We currently are enrolling for a class that starts May 19th, 2015.Get more information here. These are limited engagement classes.
I love Photography Books, and have a wall of them waiting for me when I have some quiet time and simply want to stimulate my brain. From early works of Steichen and Cunningham to books by Demarchelier and Watson, the photography book is one of my great loves.
There was a moment a few years ago when I thought the era of photo books was coming to an end. But lately so many great books are coming on the market that it gives me renewed hope that they will stay with us for a long while.

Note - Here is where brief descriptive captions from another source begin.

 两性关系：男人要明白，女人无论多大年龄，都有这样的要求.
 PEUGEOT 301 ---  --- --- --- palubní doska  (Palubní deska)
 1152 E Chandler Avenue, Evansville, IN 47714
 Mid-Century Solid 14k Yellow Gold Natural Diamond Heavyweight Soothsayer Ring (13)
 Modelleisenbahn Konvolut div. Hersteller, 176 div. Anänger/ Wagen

“These four images come from a larger selection of images that I recently shot for The Cheese Lover’s Cookbook, so the common thread is, of course, cheese. The cookbook author made most of the food, and we worked together to style the shots—and sample the food. Bonus. I was grateful that Don had said over and over “Shoot to layout!” because I had the sense to ask for image size. Finding out the images were expected to fill an 8×9 page was extremely helpful—limiting, but helpful.
This set is probably not as personal as Don had expected for this final assignment, but I’m submitting them because they represent something important to me—my first paying commercial photography assignment. At the beginning of Project 52, Don had said he hoped everyone would get at least one paying commercial gig before the Project was over. I was pretty sure I was going to be the exception because I had so much more to learn than everybody else. Surprise! I got a gig. And it kicked my butt…but I learned a lot.”

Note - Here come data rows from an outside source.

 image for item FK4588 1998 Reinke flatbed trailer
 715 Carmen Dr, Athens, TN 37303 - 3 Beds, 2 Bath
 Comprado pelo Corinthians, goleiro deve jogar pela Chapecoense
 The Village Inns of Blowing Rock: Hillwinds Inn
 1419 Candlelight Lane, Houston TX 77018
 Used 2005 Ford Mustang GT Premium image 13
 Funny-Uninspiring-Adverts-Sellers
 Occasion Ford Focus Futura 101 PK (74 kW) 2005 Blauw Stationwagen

“This project grew out of some recent discussions about drawing inspiration from anyone, anything, and everything around you. I admit, I drew a lot of inspiration for this idea from Irene Liebler’s series she did across last year of Common and Idiomatic Phrases – Feet To The Fire, Leaving The Nest, and so on. I thought that idea would be something I could do in my own style. I love her work, but I don’t see the world the way she does, and that’s a Good Thing™. I love that, having seen it week in and week out, we can all take the same subject and come up with completely different results.
I am doing this idea of taking old proverbs, common phrases, and idioms because it will lead to some interesting photographic possibilities, and be expandable far beyond a 5-10 shot series. I like this personal project for me, specifically, because those possibilities can extend through all of the artistic forms I enjoy working with, from portraits to still life, composites, and a whole lot of concept work. Heh, concept work: This was the area I really wanted to concentrate on for this last P52 project, as I see it as needing the most development in my own artistic growth going forward.

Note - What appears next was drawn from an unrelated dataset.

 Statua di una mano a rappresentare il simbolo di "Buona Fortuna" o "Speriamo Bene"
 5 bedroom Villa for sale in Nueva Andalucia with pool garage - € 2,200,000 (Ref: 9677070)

I absolutely love these images. From composition through framing and of course the patina, they are simply lovely.
“Mervyn O’Gorman was 42 when he took these pictures of his daughter, Christina O’Gorman at Lulworth Cove, in the English county of Dorset. He photographed Christina wearing a red swimming costume and red cloak, a colour particularly suited to the early color Autochrome process. “
“I chose to make a series of portraits of a single person. I chose this project because I am very interested in everything that constitutes a person as it is important to me to capture who a person is not just a pretty picture. I photographed parts of the subject, which progressively make up the most of the entire individual but never completely. We made many images and it was difficult to limit the choices and parts to create a whole person. Is it just parts of the body, personal interests or a combination of both? I changed my choices a hundred times as she also loves reading, writing and hot chocolate. Choosing an editing style was also difficult because finding a style that suited all the images was a challenge. I feel like I captured a part of her being – attractive, edgy, confident, private, and capable… We shot outdoors at different times over a couple day to maximize the effects of the sun. I brought strobes and flashes but only ended up using the sun and reflectors.”